**Exercise brief:** Nothing but the lines below from the one with "this 1456×819 image." through the one with "this 1344×896 image." should be output, each exactly as given, and no pictures.

*** Records ***

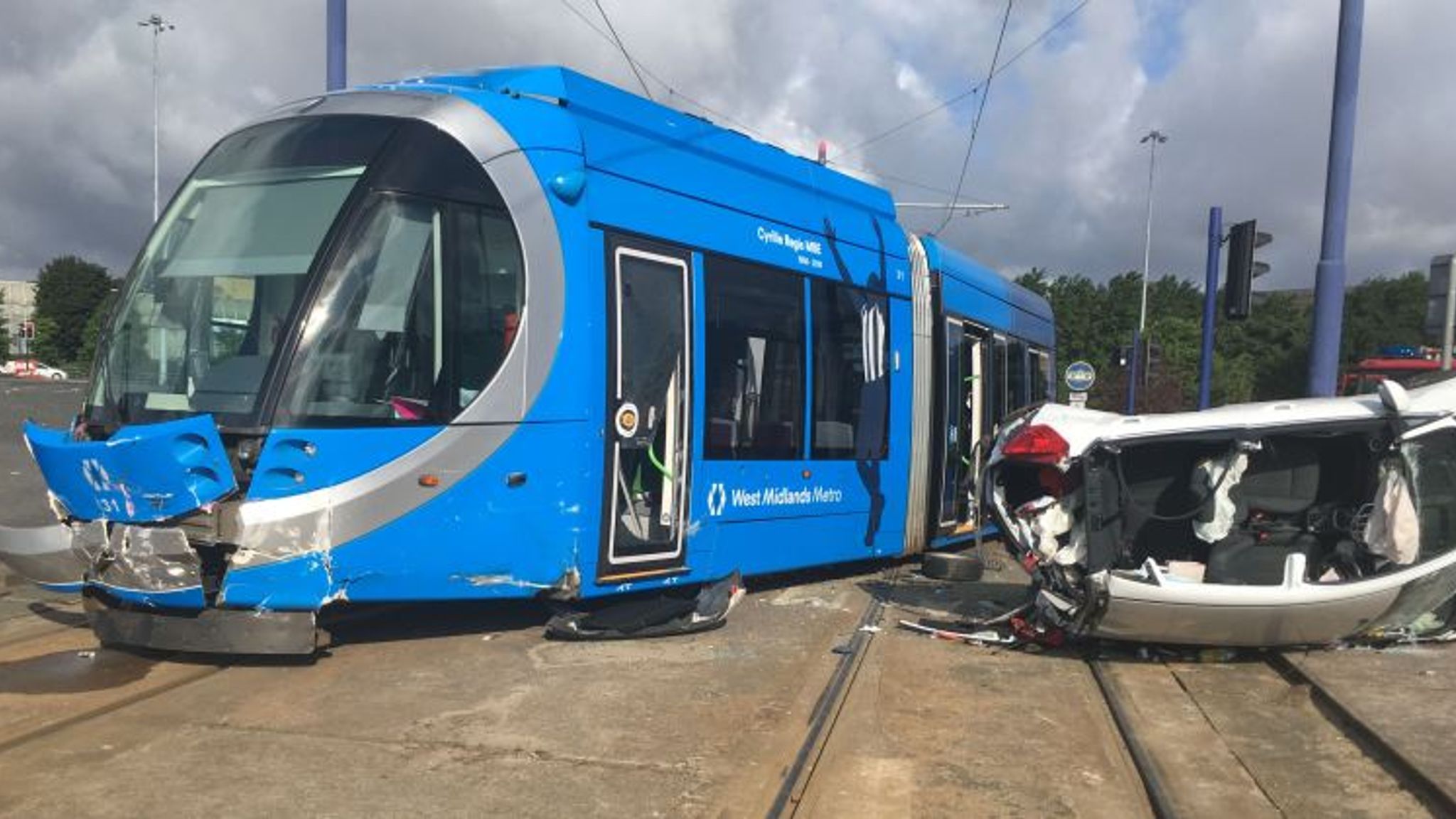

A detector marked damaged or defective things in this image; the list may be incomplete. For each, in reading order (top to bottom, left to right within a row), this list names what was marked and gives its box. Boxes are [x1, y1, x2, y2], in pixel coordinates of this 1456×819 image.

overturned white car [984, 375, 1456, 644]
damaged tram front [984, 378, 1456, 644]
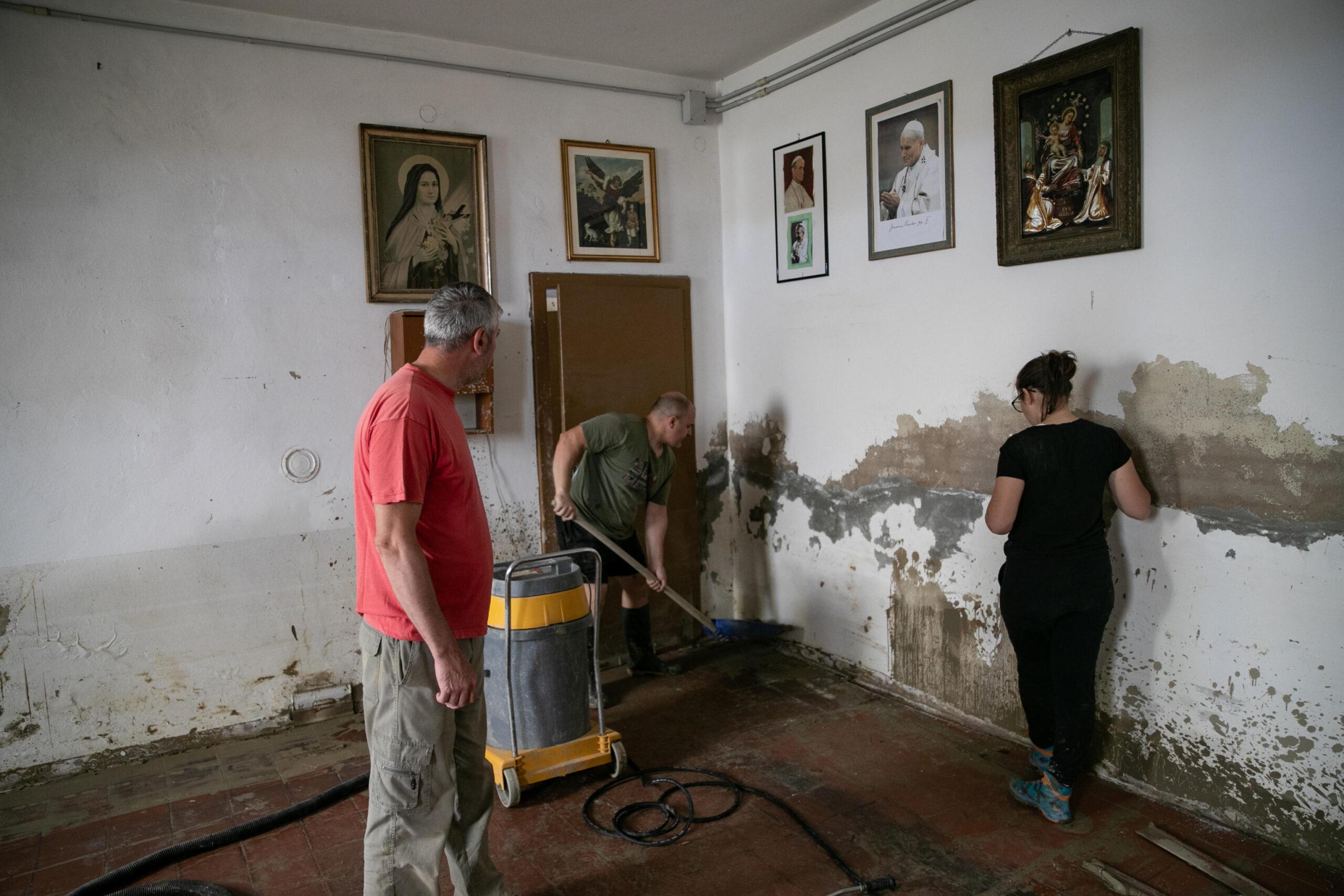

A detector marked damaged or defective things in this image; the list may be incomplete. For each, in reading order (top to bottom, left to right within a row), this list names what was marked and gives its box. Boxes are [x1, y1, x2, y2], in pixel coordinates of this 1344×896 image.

*** End of Records ***
*** Records ***

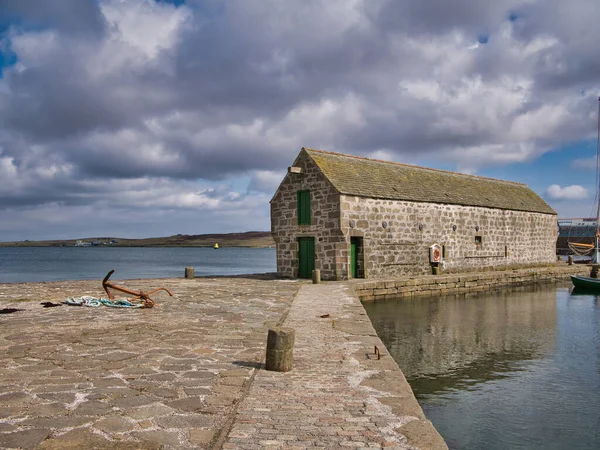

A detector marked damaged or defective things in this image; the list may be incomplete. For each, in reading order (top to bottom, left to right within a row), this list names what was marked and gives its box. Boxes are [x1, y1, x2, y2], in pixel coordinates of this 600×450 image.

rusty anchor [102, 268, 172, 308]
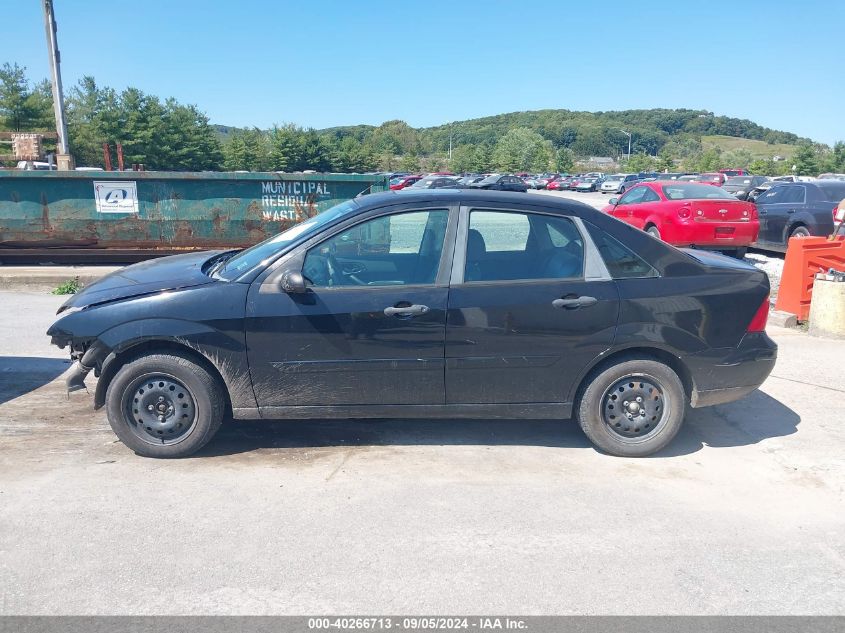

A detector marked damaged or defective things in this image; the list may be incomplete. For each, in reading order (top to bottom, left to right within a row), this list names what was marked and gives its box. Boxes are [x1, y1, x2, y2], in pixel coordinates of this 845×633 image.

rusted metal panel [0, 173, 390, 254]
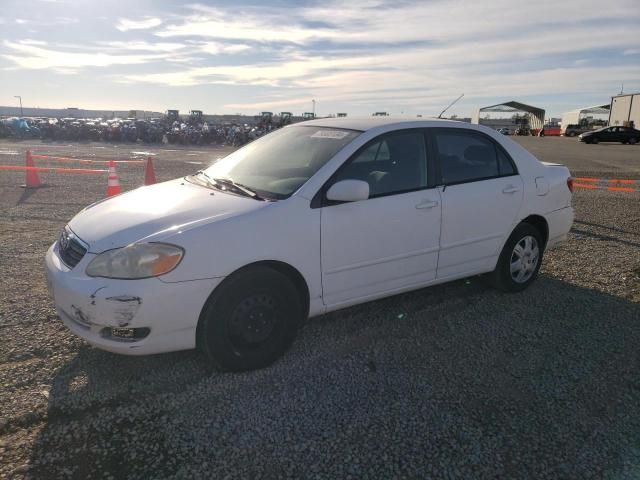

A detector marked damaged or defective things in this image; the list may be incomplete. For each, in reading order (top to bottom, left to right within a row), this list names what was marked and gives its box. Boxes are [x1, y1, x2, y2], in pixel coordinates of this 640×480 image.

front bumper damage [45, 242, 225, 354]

*** End of Records ***

**Answer box:**
A detector marked damaged or defective things in this image; the list may be incomplete. For each, in reading order (top to bottom, left to right within a row), this list names what was marked and gives its box. Boxes are [x1, y1, x2, y2], in pixel coordinates of this 1456×819 image.

overturned white car [984, 375, 1456, 644]
damaged tram front [984, 378, 1456, 644]

A detector marked damaged or defective things in this image; the list may be incomplete. For each, in reading order (top to bottom, left to right within a row), this list names what was marked and gives its box. Boxes are [x1, y1, x2, y2], in pixel coordinates of this 1344×896 image.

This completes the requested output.